Un ejemplo, desde luego entre otros innumerables, lo aporta la “literatura infantil”, o lo que se ha dado en reconocer como tal. Nada hay stricto sensu que pertenezca en exclusivo al ámbito de la infancia, y los libros menos que cualquier otra cosa. La medida de tolerancia de un niño, en relación a una lectura (o a lo que fuere), no está pautada por lo grave, sino por lo tedioso. No será, pues, ante la tragedia, sino ante el fastidio, que él claudicará. Y con el adulto no ocurre de otra guisa.
El País de los Sueños pertenece a una serie de relatos para cuya realización sólo tuve en mente, y como finalidad, el deseo apasionado de transitar, no ya los terrenos de lo improbable, sino decididamente de lo imposible, valiéndome de mi anhelo de fantasía y del atrevimiento que sólo la imaginación otorga.
No fue, por tanto, un cuento pensado para niños, y de aquí mi gran sorpresa al tener noticia de que había sido seleccionado para integrar una antología destinada al público infantil.
Y de inmediato vinieron a mi memoria las palabras de Dumas que preceden estas líneas… Sólo que tras reparar en ellas, y sopesarlas con detención, se me ocurrió reformularlas y proponer lo inverso, a saber: que quizás lo que “la madre más celosa”, sugerida por el autor de Montecristo, debiera evitarle a su hijo es precisamente la lectura de un libro que no pueda ser leído también por un adulto, que no esté destinado a ganar en nada con los años, y que, por vía de consecuencia, no admita, aunque más no fuere con el concurso del recuerdo, volver a sus páginas... una y otra vez.

Ricardo Giraldez
(2015)


La transfiguración


El devenir de un libro es azaroso, imprevisible. La historia de la literatura, que presuntuosamente denominamos "universal", abunda en desapariciones, ocasos y asombrosas e inesperadas resurrecciones. Muchos libros que han gozado de gran popularidad en su tiempo, o en algún órgano preciso del tiempo, conocieron más tarde la indiferencia, la minusvaloración, las llamas e incluso el olvido. Tomar nota cronológica de las grandes selecciones de clásicos, compuestas durante los últimos siglos, resultaría ilustrativo al respecto. Nada ni nadie tiene asegurado el sitial ni tan siquiera la permanencia en esta tierra sujeta a constante cambio, evolución, ruina, desgaste y decadencia. La amenaza del olvido, desgracia y pérdida planea como un buitre sobre todo lo que ha osado alguna vez mostrarse bajo la luz del sol. Cabe para los libros, cabe para los autores, y cabe, como decíamos, para todo lo que es y ha osado ser alguna vez.
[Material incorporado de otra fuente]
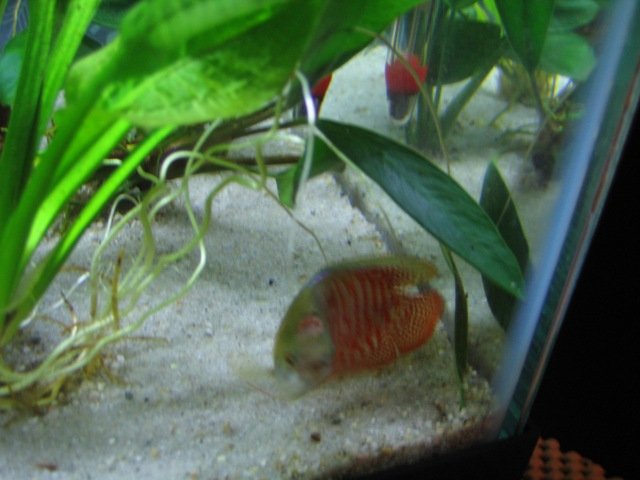 pet0007.JPG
Numerosos escritores que en un pasado no muy remoto han resultado de lectura obligada, duermen hoy un sueño de polvo en los anaqueles. A lo que podría añadirse lo inverso. La obra atribuida a Homero o a Shakespeare (por citar tan sólo dos ejemplos de los más señeros) conoció alternativas de apatía, incertidumbre y justificada resurrección. Todo lo cual nos lleva a nuestra primera propuesta: que el devenir de un libro es imposible de prever. Y lo es, por supuesto, desde el momento en que existe y está sujeto a devenir. Claro que entre los libros existentes no sólo cuentan aquellos que han sido escritos alguna vez de modo efectivo, sino también los que no han sido escritos jamás. Abundan esta clase de textos espectrales en la historia de la literatura universal; libros cuya fama no ha respondido sino a la invención de un mero título y a las sugestiones motivadas por él. Se podría formar un largo catálogo de ellos. Uno en particular es, sin embargo, el que nos ocupa y el motivo de tanta digresión. 
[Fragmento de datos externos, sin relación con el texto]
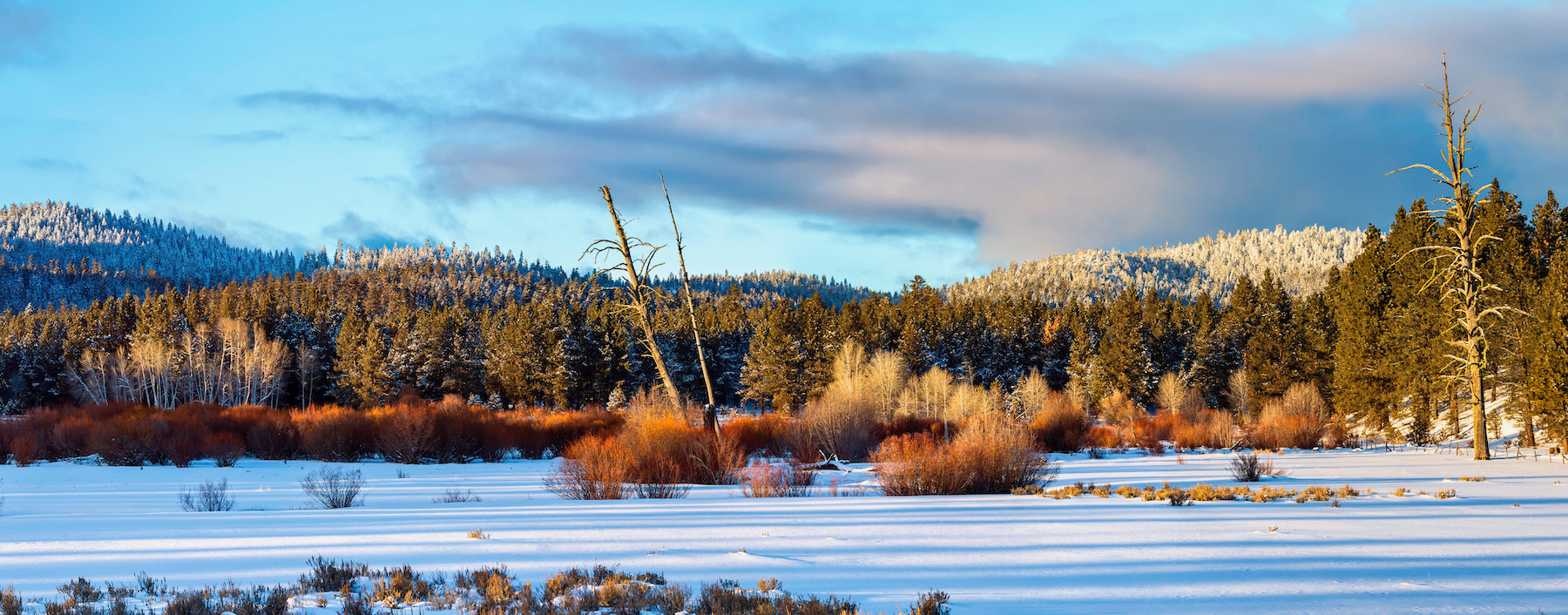 winter solstice at allen creek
Aludo al hoy más que célebre, y hasta escudriñado, Necronomicón; invención de Howard Phillips Lovecraft (1890-1937), escritor estadounidense que intentó, mediante este recurso de su inspiración, dotar a sus relatos de una fuente libresca convincente y dar así mayor verosimilitud y poder de persuasión a sus fabulosas y sombrías lucubraciones. Se trata de una suerte de libro mágico, peligroso y, en teoría, repleto de significados y fórmulas ocultas capaces de atraer, desde otros lindes sensoriales, fuerzas obscuras, inefables y adversas a la condición humana. Su presunto autor sería el árabe demente Abdul Alhazred, también de invención lovecraftiana e igualmente de devenir incierto. Escasos son los fragmentos citados por Lovecraft de esta fuente ficticia a lo largo de su obra; no obstante, las citas son concretas y lo suficientemente efectivas como para despertar la curiosidad y fascinación en los entusiastas lectores. Desde hace prácticamente un siglo a esta parte, el Necronomicón no sólo ha venido ganando en fama y popularidad, sino que ha aumentado el atractivo e interés que la evocación de su sólo nombre suscita. Más aun, este libro, que nunca ha sido escrito de modo efectivo, crece día a día en influjo y autoridad. Sabemos de su inclusión en numerosos catálogos de prestigio; sabemos que copiosos ejemplares del Necronomicón han sido descriptos detalladamente y puestos en subasta por los oportunistas que nunca faltan a la hora de entrever un negocio detrás del tumulto; sabemos, en fin, que se han pagado copias del mentado libro a precios muy altos y en circunstancias diversas. Y esta tendencia continúa in crescendo en nuestros días, y no hay razones para estimar que en el mañana inmediato dicha tendencia pueda invertirse. Luego, no es dable afirmar que esas páginas jamás escritas sean sin embargo páginas ausentes; no desde el momento en que juguetean con el imaginario de los lectores y de los fervientes seguidores con que cuenta Lovecraft en la actualidad. Más aun, esas páginas en blanco pueden ser llenadas con el decurso del tiempo; es ésta una labor que ya ha comenzado de hecho; acaso el Necronomicón resulte un libro que termine por escribirse a sí propio. Todo puede conjeturarse al respecto ya que, como decíamos, el devenir de un libro es incierto e imprevisible.
El relato que he dado en intitular La transfiguración, y que merced a la generosidad de los responsables de la presente antología puedo poner hoy en manos de los lectores de Saco de Huesos, se suma, pues, cual un humilde aporte de quien esto escribe, a la conjetura (y posible construcción) de ese misterioso devenir.